Re-présences de Gloria Anzaldúa

 

Je vais parler des potentialités transformatrices que peuvent avoir des archives queer racisées au sein des archives plus générales, avec l’exemple de Gloria Anzaldúa. Elle est une écrivaine, universitaire, activiste féministe et queer chicana. Gloria Anzaldúa est née le 26 septembre 1942, dans une famille d’origine mexicaine dans la pauvreté à Harlingen au Texas, et elle est morte le 15 mai 2004 à Santa-Cruz en Californie, pas très loin de chez moi d’ailleurs où je parle maintenant.
La ville de sa naissance est près de la frontière avec le Mexique, et c’est en ce moment un endroit plein à craquer de border patrols, de police, c’est à dire les flics de la frontière, qui recherchent les immigré.e.s sans-papiers venant aux États-Unis via le Mexique.
Vous avez peut-être entendu parler du récent assassinat de Claudia Patricia Gómez González, une femme native âgée de 19 ans originaire du Guatemala assassinée par les flics de la frontière pendant qu’elle s’enfuyait le 23 mai 2018 dans la ville de Rio Bravo au Texas, qui est très près de chez Anzaldúa. Elle avait fini des études de comptable, et elle n’avait pas pu trouver de travail au Guatemala. La police des frontières aux États-Unis sont particulièrement brutaux, et assassinent, laissent mourir, arrêtent, internent les immigré·e·s à la frontière. Ils séparent les enfants immigrés de leurs parents, et 1500 enfants ont été perdus récemment.

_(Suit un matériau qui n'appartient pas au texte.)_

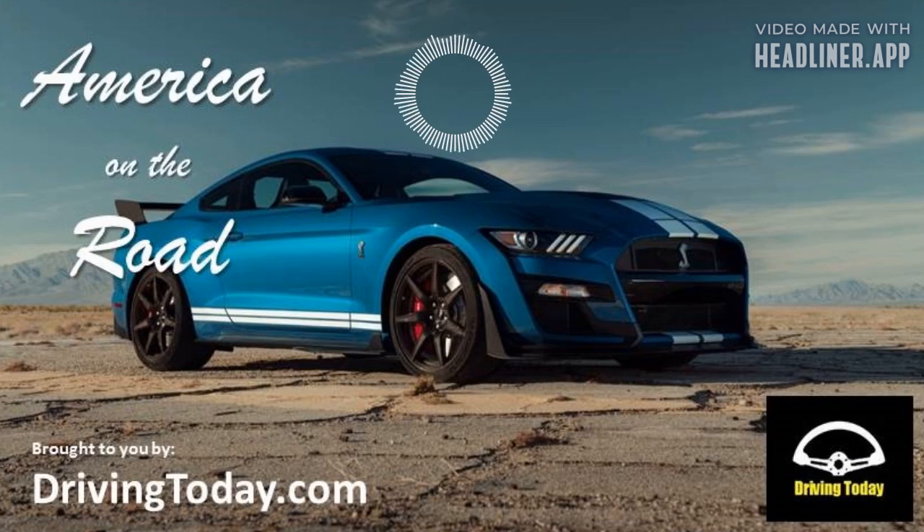This is America on the Road, winner of the International Automotive Media Conference Gold Medal Award for radio and now in its 24th year on the air. Thanks so much for being with us as we bring you the latest automotive information from around the world. America on the Road is brought to you by Driving Today and the Coalition for Vehicle Choice. I'm Jack Nerod. With me is Chris Teague.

Trump a récemment dit à propos des enfants d’immigré·e·s, je cite : « Ils peuvent sembler innocents, mais ils ne le sont pas ». Cette déclaration fait partie de la criminalisation de tous les immigrés latino-américains de la classe ouvrière aux États-Unis.
Paradoxalement le lieu où Claudia Patricia Gómez González a été assassinée était habité pendant 6000 ans par les natifs, tout comme le restant du territoire des Turtle Islands, de l’Île de la tortue, territoire que les blancs ont appelé les États-Unis. Ce même territoire a commencé à être colonisé par les Espagnols en 1519, en 1821 il fait partie de la nation mexicaine, et en 1848 il est usurpé par les États-Unis.
Compte tenu du statut de colonie de ce territoire, on peut considérer l’assassinat de Claudia Patricia Gómez González comme un acte génocidaire direct.
Le 16 mai je me suis rendue en bus, avec une quinzaine de collègues et ami·e·s à la tombe de Gloria Anzaldúa à Harlingen, au Texas, un jour avant le colloque à San Antonio où on fêtait le 30ème anniversaire du livre de Gloria Anzaldúa, Borderlands / La Frontera. On était presque que des femmes racisées, et quand le bus approchait la ville d’Anzaldúa, la police des frontières nous a arrêtées pour contrôler nos papiers. Les flics étaient armés, ils avaient des chiens, et sont entrés dans le bus. Parmi nous, il y avait une Curandera, Sandra Pacheco, qui tout de suite a lancé des foroz pour purifier l’espace. Et enfin, la police des frontières est finalement partie, mais sur le chemin du retour de la tombe d’Anzaldúa allant vers San Antonio, on les a encore rencontrés parce qu’ils sont partout.
Le gouvernement a transformé cette frontière en une zone de guerre coloniale et raciste.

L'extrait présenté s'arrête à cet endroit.